View Full Version : texture coordinates

01-01-2003, 08:15 AM
i've got a 2d polygon, i've got coordinates of each vertex and texture coordinates too.

and now i want to split polygon into the smaller ones. and the problem is, i don't know how to determine texture coorinates in a new vertex.

so again: a have a polygon, i know texture coordinates of each vertex and i want to determine texture coordinates at some new place inside the polygon... http://www.opengl.org/discussion_boards/ubb/confused.gif

plz heeeelp http://www.opengl.org/discussion_boards/ubb/smile.gif
i've searched all the net, i tried begginer forum and this is my last hope http://www.opengl.org/discussion_boards/ubb/wink.gif

01-01-2003, 08:50 AM
Well, the answer to this could be easy or hard, depending on how well-behaved your polygon is.
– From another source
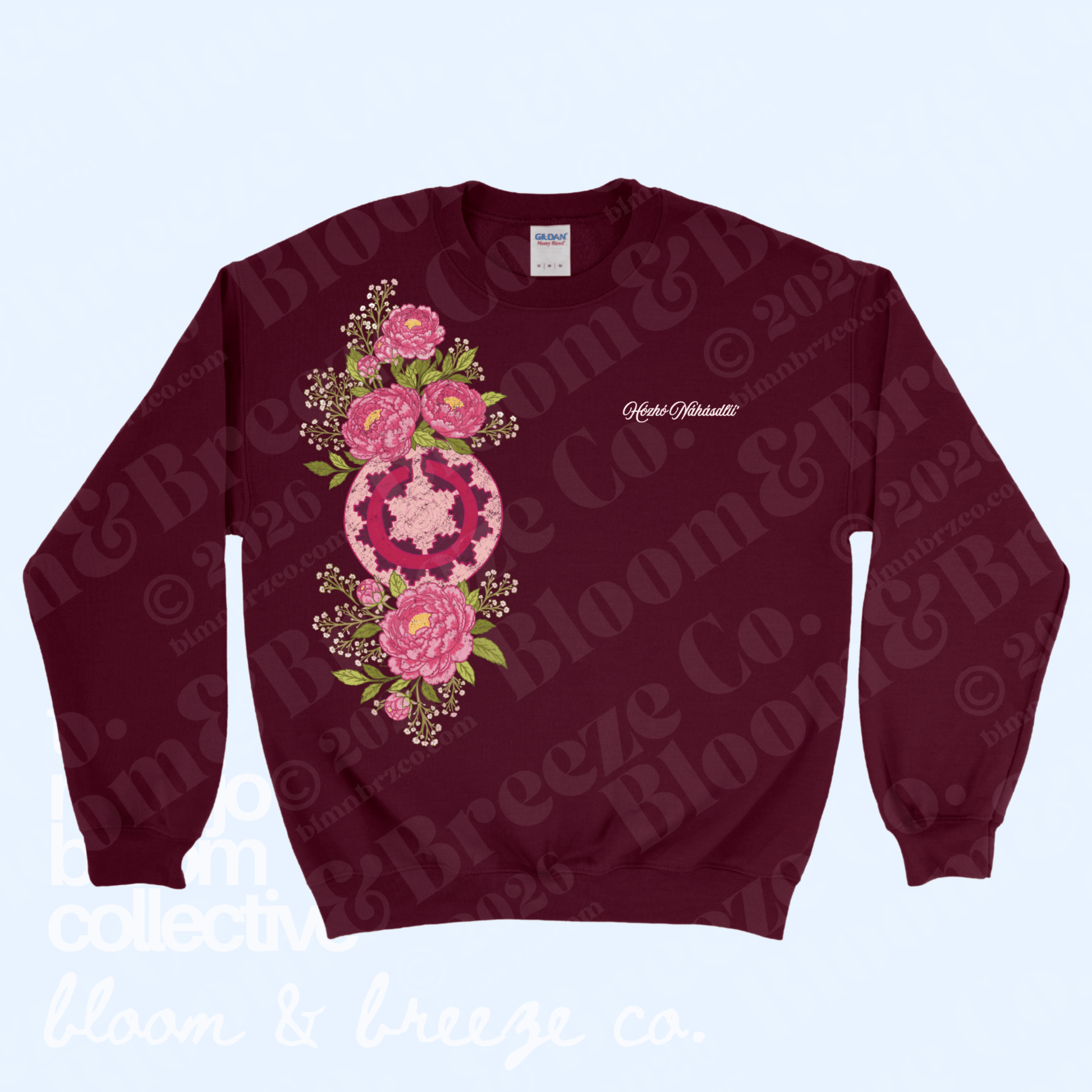 A maroon crewneck sweatshirt featuring a large pink and green floral mandala graphic on the front, with 'Catherine Barnett' printed in white script on the left chest. The sweatshirt is displayed flat against a light blue background with a faint repeating watermark.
If your polygon is planar and your texture mapping is linear, the problem is somewhat easy. If your polygon is not planar or if your texture mapping is non-linear, then there is no single "right" solution, since the texture coordinate you want depends on how you triangulate the polygon. You should triangulate polygons that are non-planar or that have non-linear texture coordinates anyway, and any non-degenerate triangle satisfies the planar and linearity requirements, so this isn't that big a deal.

So, I'll proceed with the assumption that you have a planar polygon with linear texture coordinates. What I have done in the past is to find a pair of projection vectors and constant biases that give me the S and T texture coordinates for any world position. So, I have
s = P * svec + sorig
t = P * tvec + torig

where P is the point for which I want to find the texture coordinates, svec and tvec are vectors, * is dot product, and sorig and torig are numbers.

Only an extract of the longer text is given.